Why Europe’s Gas Glut Is Worsening
Europe could import some 100 million tons of liquefied natural gas this year as many cargoes turned down by Asian buyers head for the continent, Reuters has reported, citing energy analysts.
Last year LNG imports to Europe reached 85 million tons, an all-time record at the time. Yet it seems that depressed demand for LNG in Asia—a key market for the blooming industry—will drive this year’s intake by European countries substantially higher, with 78 cargoes of excess LNG coming from Asia into northwestern Europe.
The problem is that the European LNG market is already oversupplied. Last year, the Gate Terminal in the Netherlands, which takes in a lot of the LNG coming into the continent, said it processed a record 171 LNG carriers in 2019. It seems a lot of the LNG remained in storage, sparking concern that soon Europe will not be able to handle the unwanted LNG of Asia, not least because of unseasonably warm weather that has pressured already lackluster demand further.
This state of LNG fundamentals has already driven prices low. The November and December spot price for LNG in the Netherlands averaged some $3.95 per million British thermal units. It was the lowest for this time of the year since January 2004, Reuters noted in a report. But as the glut deepens, traders expect prices to fall further, to $2.4 per mmBtu later this year.

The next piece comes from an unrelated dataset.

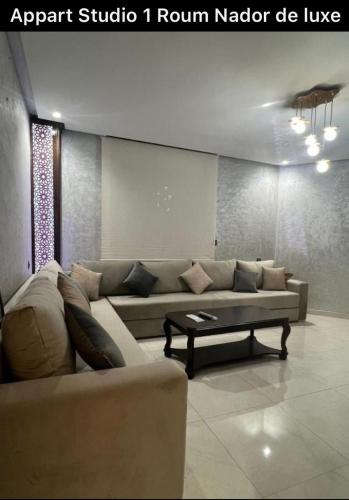 uma sala de estar com um sofá e uma mesa de centro em Apart Nador de Luxe 1 em Nador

“There is less room to inject gas in storage this summer and a lot of coal to gas switching has already taken place,” an Energy Aspects analyst told Reuters.
European authorities have approved the construction of new LNG import terminals but these have yet to be built, so capacity is indeed already stretched. If the warm spell continues, some LNG production terminals might need to shut down.
The first to be hit by the European glut would be U.S. LNG producers, according to Natural Gas Intel, if they can redirect the gas to the domestic market, which is also in an excess supply situation.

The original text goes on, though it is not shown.